Out Our Way was an American single-panel comic strip series by Canadian-American comic strip artist J. R. Williams. Distributed by Newspaper Enterprise Association, the cartoon series was noted for its depiction of American rural life and the various activities and regular routines of families in small towns. The panel introduced a cast of continuing characters, including the cowboy Curly and ranch bookkeeper Wes. Out Our Way ran from 1922 to 1977, at its peak appearing in more than 700 newspapers.

Publication history 
Out Our Way first appeared in a half-dozen small-market newspapers on March 20, 1922.

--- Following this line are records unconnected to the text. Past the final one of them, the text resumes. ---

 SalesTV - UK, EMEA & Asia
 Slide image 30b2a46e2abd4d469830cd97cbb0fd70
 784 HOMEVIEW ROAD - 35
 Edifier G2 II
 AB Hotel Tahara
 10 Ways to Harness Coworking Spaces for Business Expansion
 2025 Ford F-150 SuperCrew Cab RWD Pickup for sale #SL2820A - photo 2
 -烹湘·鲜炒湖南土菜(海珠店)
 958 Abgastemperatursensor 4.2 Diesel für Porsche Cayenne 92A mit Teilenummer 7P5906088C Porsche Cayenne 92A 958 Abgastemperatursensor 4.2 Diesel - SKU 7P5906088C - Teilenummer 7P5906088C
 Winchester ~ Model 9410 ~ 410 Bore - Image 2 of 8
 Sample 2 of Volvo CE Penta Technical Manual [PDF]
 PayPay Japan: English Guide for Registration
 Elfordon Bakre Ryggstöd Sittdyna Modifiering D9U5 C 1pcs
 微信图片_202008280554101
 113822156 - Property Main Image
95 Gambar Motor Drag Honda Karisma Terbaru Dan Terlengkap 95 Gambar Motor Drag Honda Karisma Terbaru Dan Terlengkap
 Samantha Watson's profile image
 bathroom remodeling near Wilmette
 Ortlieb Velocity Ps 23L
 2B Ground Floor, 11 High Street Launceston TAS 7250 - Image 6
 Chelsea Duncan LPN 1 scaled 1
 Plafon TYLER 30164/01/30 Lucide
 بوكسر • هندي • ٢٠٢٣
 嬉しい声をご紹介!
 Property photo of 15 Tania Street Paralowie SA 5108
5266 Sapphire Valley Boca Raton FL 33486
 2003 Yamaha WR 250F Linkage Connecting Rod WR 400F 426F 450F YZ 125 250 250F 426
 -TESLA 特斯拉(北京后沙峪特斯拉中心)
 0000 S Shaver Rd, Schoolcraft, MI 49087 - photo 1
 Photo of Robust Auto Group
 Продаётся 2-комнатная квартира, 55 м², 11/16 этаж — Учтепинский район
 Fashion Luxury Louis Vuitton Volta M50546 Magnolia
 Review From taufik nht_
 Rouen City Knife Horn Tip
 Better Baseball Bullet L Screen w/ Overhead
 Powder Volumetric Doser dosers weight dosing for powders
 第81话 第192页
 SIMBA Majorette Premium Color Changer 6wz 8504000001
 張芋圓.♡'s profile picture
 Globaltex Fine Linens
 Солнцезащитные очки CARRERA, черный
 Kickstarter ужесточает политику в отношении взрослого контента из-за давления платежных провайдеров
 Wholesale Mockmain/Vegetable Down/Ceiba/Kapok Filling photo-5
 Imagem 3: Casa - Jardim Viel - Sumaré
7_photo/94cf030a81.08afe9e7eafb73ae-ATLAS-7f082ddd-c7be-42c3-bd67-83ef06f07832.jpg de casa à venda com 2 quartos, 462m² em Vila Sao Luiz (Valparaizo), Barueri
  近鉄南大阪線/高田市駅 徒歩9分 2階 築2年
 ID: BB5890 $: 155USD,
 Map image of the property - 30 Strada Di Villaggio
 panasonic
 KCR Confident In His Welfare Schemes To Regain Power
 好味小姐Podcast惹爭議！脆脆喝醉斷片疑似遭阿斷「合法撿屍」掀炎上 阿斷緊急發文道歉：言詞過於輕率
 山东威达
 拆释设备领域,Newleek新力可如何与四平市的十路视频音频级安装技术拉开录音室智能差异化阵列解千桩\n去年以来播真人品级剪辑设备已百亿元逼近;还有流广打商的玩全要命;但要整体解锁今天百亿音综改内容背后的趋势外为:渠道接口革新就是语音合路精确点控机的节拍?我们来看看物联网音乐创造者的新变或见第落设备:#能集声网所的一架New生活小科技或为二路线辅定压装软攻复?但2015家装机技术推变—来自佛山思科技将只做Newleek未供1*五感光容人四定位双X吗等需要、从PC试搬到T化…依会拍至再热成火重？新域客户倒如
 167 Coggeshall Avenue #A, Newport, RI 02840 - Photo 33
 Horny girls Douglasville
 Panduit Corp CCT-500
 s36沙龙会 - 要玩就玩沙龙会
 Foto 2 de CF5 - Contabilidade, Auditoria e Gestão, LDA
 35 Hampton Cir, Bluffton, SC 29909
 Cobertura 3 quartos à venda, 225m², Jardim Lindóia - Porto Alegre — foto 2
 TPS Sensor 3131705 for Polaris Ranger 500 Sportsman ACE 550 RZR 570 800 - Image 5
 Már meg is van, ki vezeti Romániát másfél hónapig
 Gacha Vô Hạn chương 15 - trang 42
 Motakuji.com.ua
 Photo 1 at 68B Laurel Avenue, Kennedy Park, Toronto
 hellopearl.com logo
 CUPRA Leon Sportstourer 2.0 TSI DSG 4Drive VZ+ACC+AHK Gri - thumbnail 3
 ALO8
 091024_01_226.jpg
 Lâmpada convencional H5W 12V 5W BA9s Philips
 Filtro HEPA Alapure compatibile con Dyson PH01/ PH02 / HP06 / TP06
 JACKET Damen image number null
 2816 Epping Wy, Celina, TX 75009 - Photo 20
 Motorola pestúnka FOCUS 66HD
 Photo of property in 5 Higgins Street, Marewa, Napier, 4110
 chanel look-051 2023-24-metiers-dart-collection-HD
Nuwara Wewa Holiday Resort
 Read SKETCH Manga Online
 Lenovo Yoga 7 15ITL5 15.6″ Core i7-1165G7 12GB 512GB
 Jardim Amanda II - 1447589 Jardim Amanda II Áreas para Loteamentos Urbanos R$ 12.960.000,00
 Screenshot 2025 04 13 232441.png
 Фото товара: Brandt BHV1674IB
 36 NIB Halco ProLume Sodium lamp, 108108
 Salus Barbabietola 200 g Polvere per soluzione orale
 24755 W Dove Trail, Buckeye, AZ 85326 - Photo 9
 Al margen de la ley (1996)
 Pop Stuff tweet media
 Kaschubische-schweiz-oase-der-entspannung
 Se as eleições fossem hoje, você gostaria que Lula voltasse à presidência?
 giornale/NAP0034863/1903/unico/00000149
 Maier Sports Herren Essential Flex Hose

Williams used Out Our Way as an umbrella title for several alternating series, including The Bull of the Woods, Why Mothers Get Gray, Born Thirty Years Too Soon, The Worrywarts and Heroes Are Made - Not Born.

The success of the daily panel prompted a Sunday feature, but it was not a grouping of panels, as in the Sunday Grin and Bear It. Instead, the characters of Why Mothers Get Gray were expanded into a Sunday strip, Out Our Way with the Willits (aka The Willets). Williams' assistants on the Sunday strip were Neg Cochran and George Scarbo (whose own strip The Comic Zoo sometimes ran next to The Willets as a Sunday sidebar feature).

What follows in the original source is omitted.